For entrepreneurs, PRIME serves as a conduit to our network of foundations, family offices, and seed investors – sources of long-term capital which entrepreneurs typically have difficulty accessing.

LD: What have you achieved so far?

NS: We have made tremendous progress so far, by facilitating our first proof-of-concept investment this summer, in Quidnet. The Quidnet deal included three different types of investments: a programme-related investment of philanthropic capital from a major foundation; a recoverable grant from a private foundation, and; straight convertible debt from conventional seed investors.

We’ve also built an Investment Committee of leading venture capitalists in the clean tech space. Over the past year, our Investment Committee has helped us survey the landscape of potential investment opportunities, screening over 1,300 companies for their potential impact on climate change, suitability for early stage philanthropic investment, and potential to attract follow on capital as they get to scale. The handful of companies that made it through this year long process will be announced in early 2016. PRIME will be working with them starting early next year to find aligned philanthropic investors.

LD: How do you believe that PRIME will play a role in a greener future, and in helping to reduce the threat of climate change?

NS: We are helping to unlock a new source of capital for early stage, clean energy innovation. We believe that this new source of capital will accelerate the development and deployment of the breakthrough technologies needed to fight climate change by addressing the gap in financing.

LD: What are some examples of the innovative tech ideas and start-ups that you’ve found funding for?

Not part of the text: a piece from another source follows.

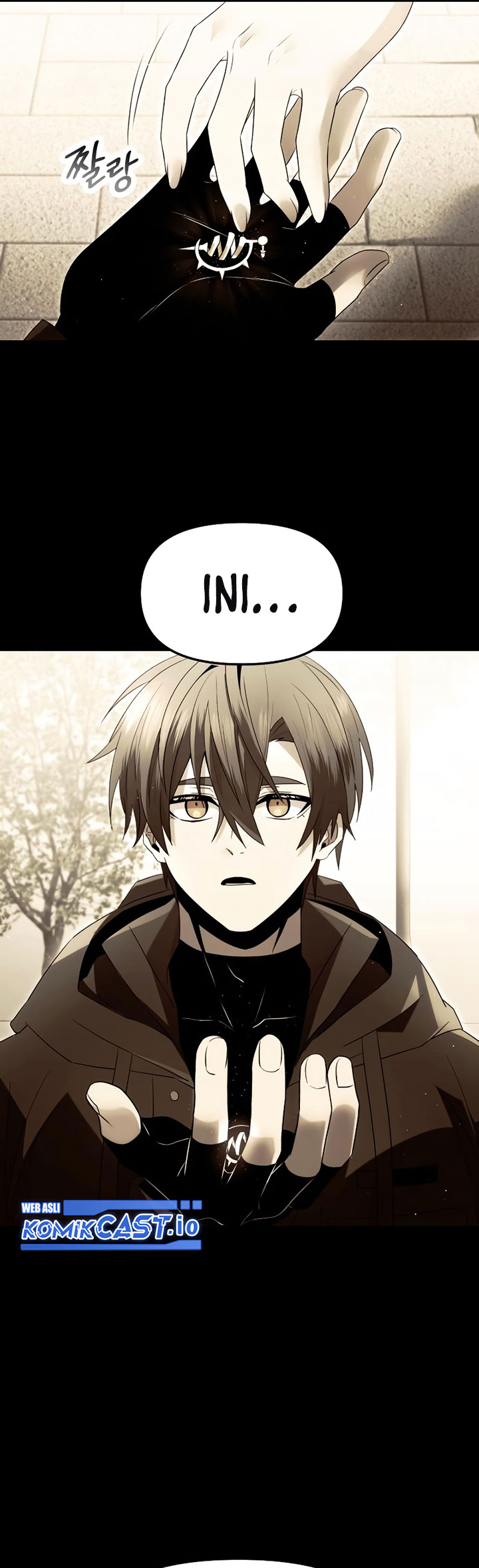 I Obtained a Mythic Item Chapter 60 Gambar 8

NS: One example is Quidnet, which is developing a radically cost-effective grid energy storage technology, ten times cheaper than batteries, that can take advantage of abandoned oil and gas wells. If successful, this technology will facilitate the integration of increasing amounts of renewables on the grid.

LD: What is the importance of philanthropy in green energy technology investment?

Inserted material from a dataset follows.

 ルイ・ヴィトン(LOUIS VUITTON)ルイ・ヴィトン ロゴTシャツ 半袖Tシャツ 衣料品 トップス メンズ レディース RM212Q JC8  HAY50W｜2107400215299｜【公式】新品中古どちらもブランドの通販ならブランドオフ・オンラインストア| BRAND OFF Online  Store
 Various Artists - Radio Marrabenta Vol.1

NS: Philanthropic capital has the ability to accept higher risks over a longer term than many conventional capital sources. At the same time, philanthropic capital is invested with a social purpose; in this case, to mitigate climate change. For early stage energy companies that want to impact climate change, but are unsuitable for mainstream financing due to many reasons; technical, regulatory etc. for-profit investment of philanthropic capital can provide early stage companies with the financing and time needed to address major risks, so that the company is eventually ready for commercial investment.

LD: Why have investors been put off green tech in the past?

NS: Green tech companies often require high amounts of capital over a long investment time period. Unfortunately, these characteristics make many clean energy companies inappropriate for venture capital; the traditional method of financing innovation in its early stages, because venture capital funds are typically structured to require outsize returns in a relatively short timeframe.

This doesn’t mean that clean energy companies aren’t worth investing in; it just means that investors need to have different expectations when investing in certain types of early stage clean energy companies.

LD: Do you foresee any future difficulties in obtaining investments?

NS: Programme-related investments have been used to make for-profit investments that also advance a social mission for a long time. Our main challenge is to translate this long track record of success to the clean energy sector, where PRIs have been used rarely to date. This will require education and capacity building to help both philanthropists and entrepreneurs get comfortable with using PRIs in this way.

LD: If a start-up gets money from a charitable foundation and private investors, will the foundation’s social mission be at odds with the goals of the profit seeking capitalists?

NS: Part of our role at PRIME is to screen potential investments to make sure that a company’s development is in lockstep with its potential impact on climate change. That is to say, the company’s incentive to achieve profitability and scale its products and services in the market is directly aligned with impacting climate change.